The records
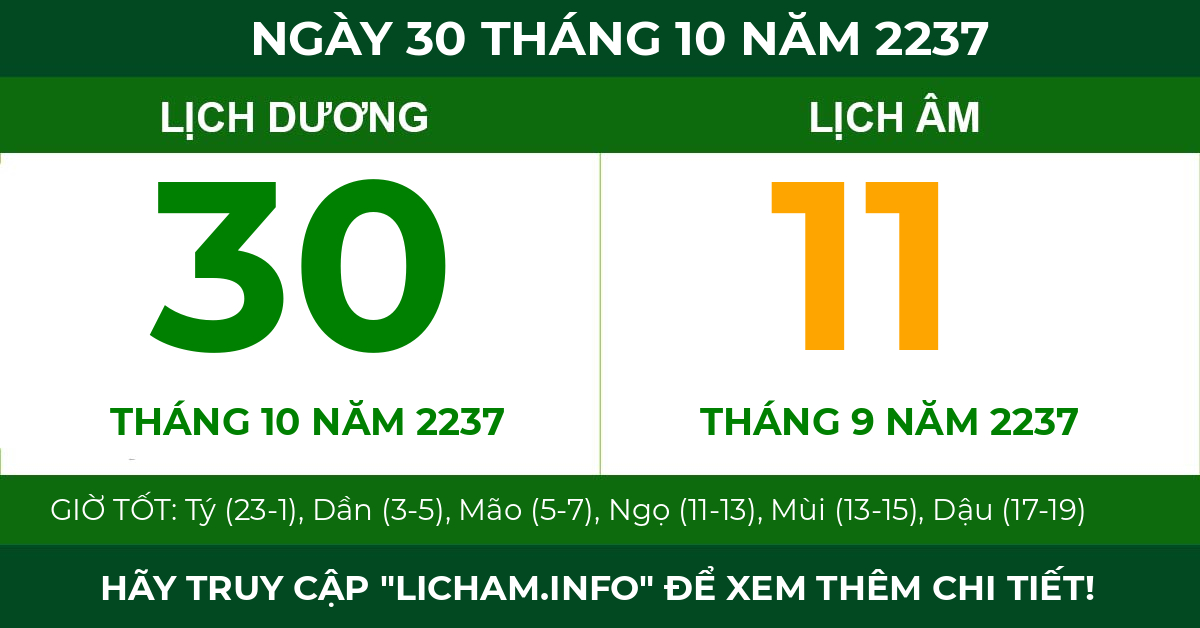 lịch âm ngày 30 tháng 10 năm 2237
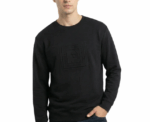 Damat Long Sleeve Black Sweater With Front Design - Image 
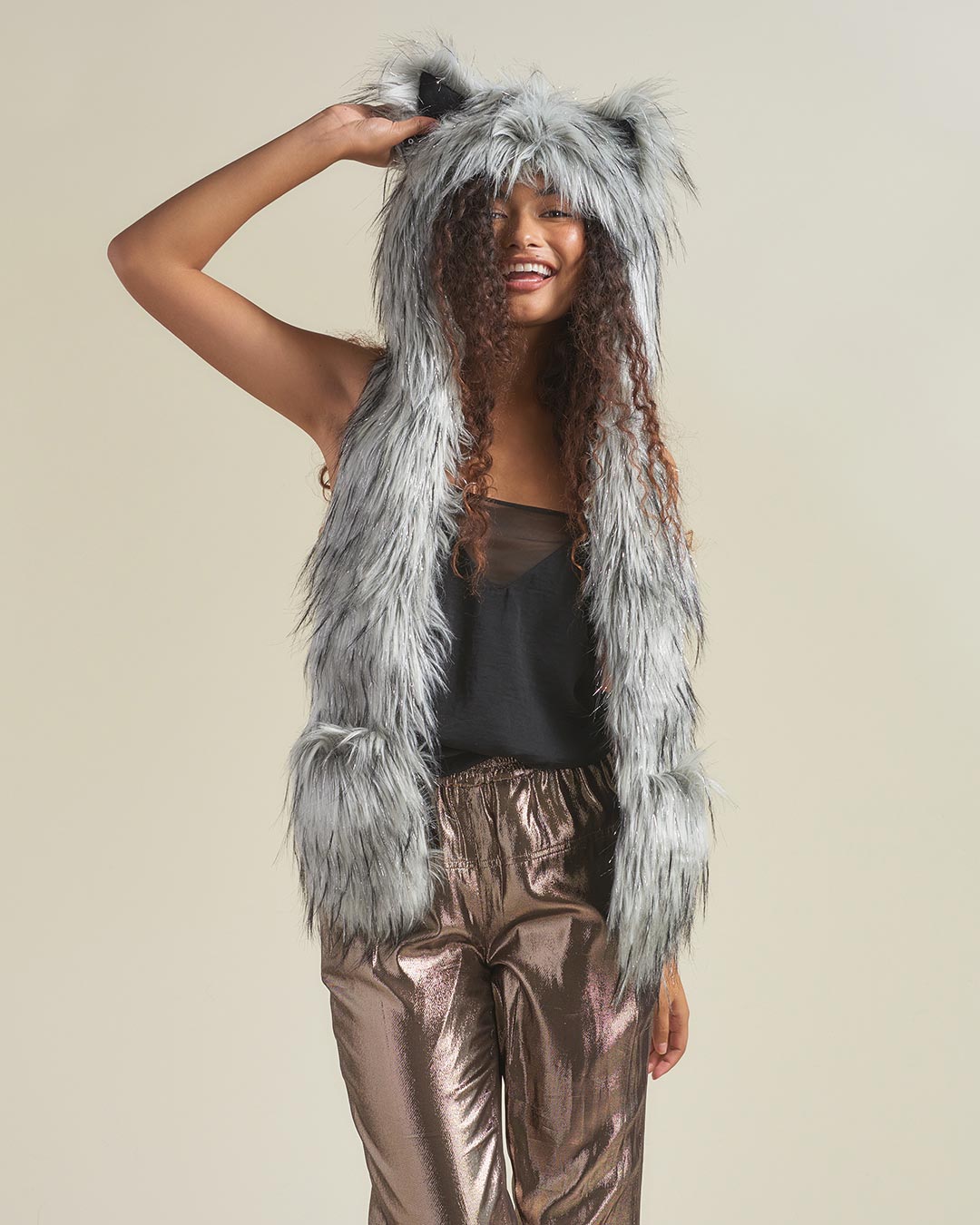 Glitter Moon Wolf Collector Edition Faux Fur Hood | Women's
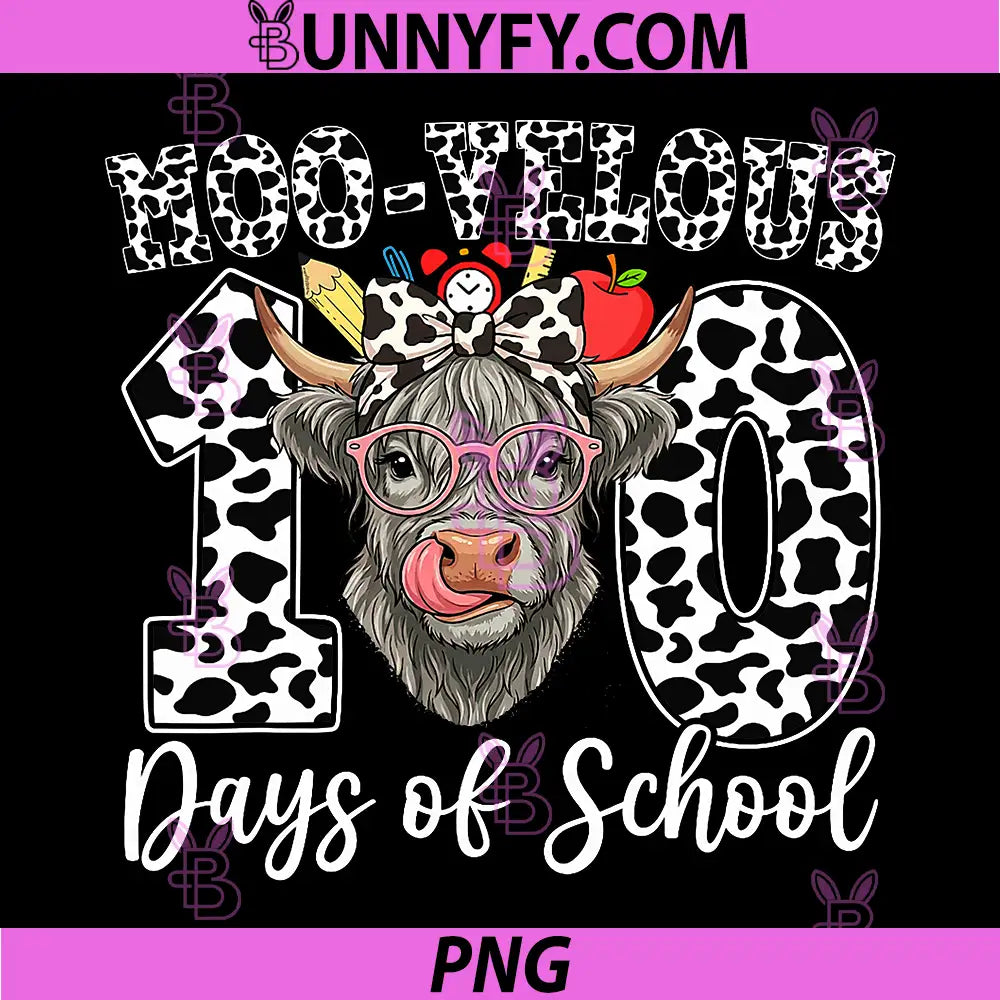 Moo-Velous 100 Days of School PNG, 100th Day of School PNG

==

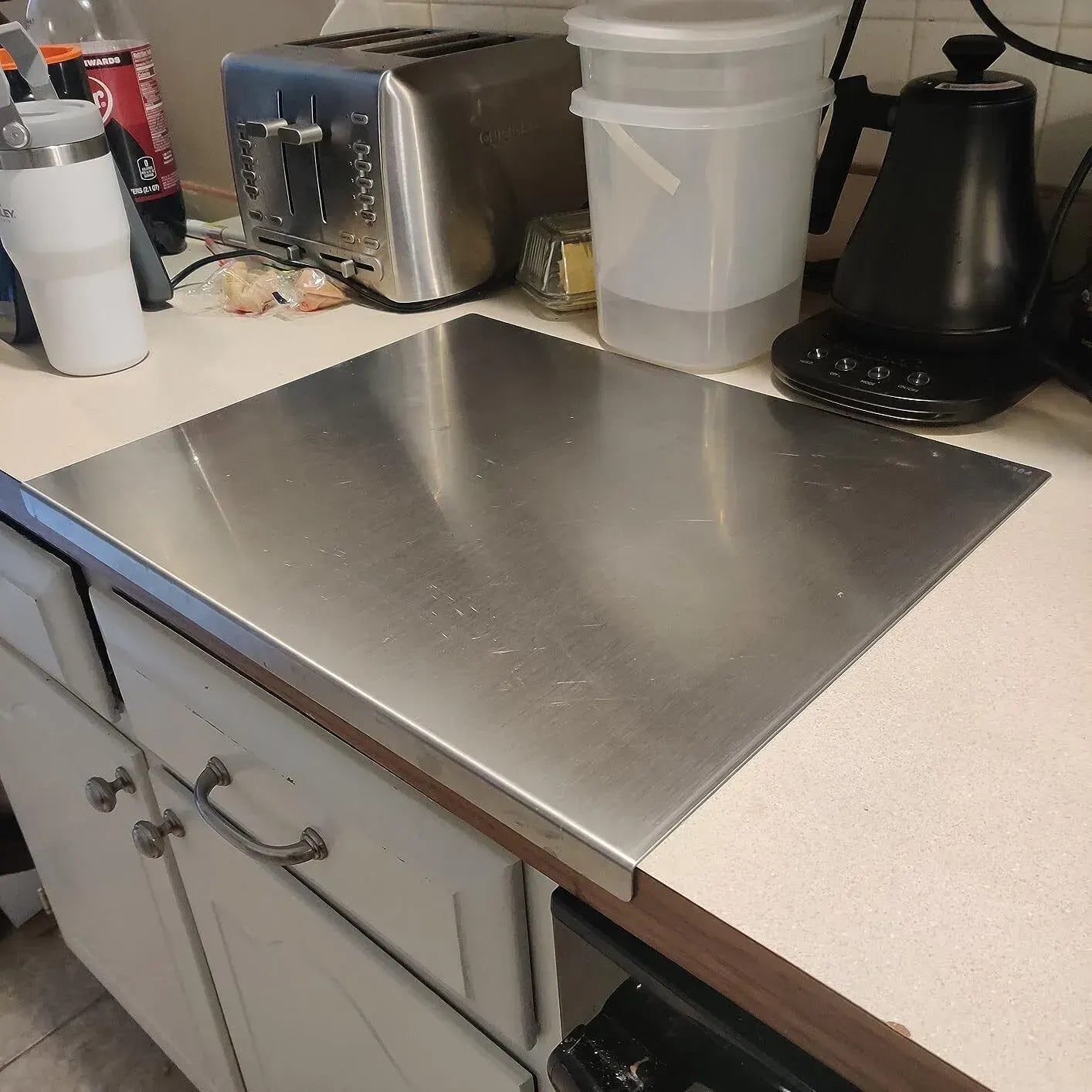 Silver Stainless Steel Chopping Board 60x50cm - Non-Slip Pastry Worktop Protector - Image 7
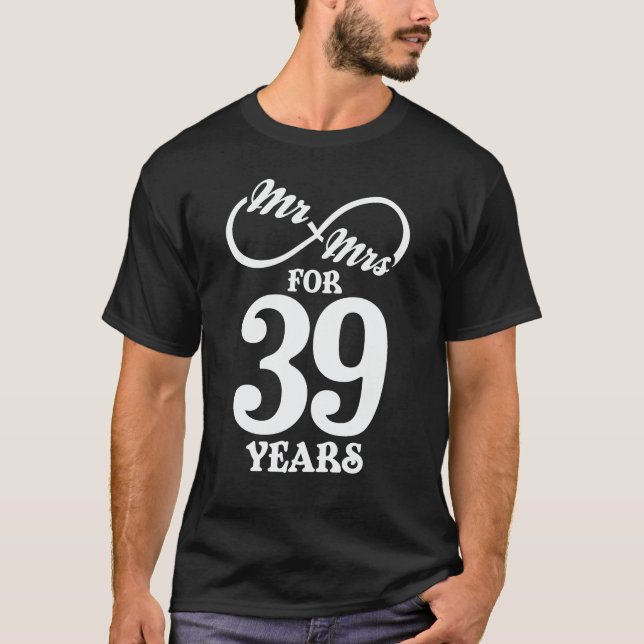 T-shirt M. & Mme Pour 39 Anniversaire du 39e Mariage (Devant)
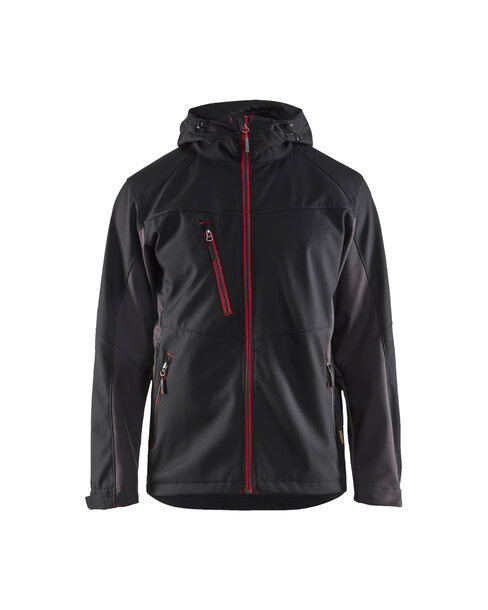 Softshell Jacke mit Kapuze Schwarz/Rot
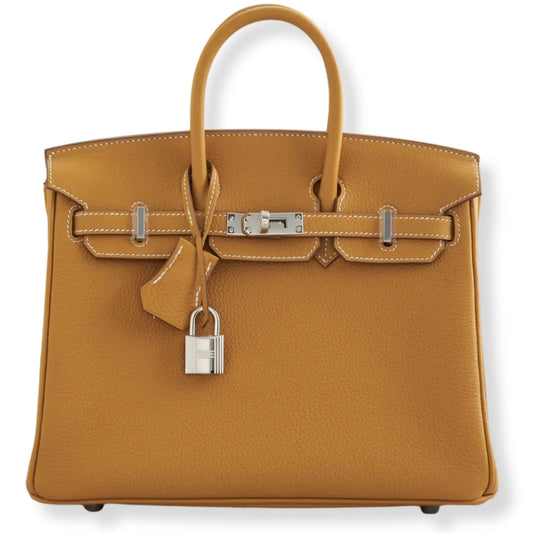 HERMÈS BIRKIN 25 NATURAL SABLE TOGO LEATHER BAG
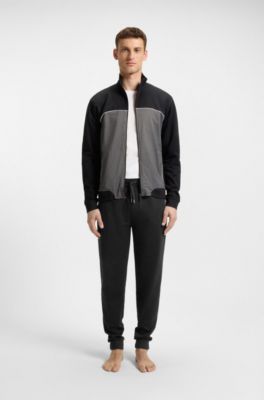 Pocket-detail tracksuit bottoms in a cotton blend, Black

Required work
Write out the lines above from the one with "lịch âm ngày 30 tháng 10 năm 2237" through the one with "Moo-Velous 100 Days", ends included, exactly; no picture goes in.

Task output
 lịch âm ngày 30 tháng 10 năm 2237
 Damat Long Sleeve Black Sweater With Front Design - Image 
 Glitter Moon Wolf Collector Edition Faux Fur Hood | Women's
 Moo-Velous 100 Days of School PNG, 100th Day of School PNG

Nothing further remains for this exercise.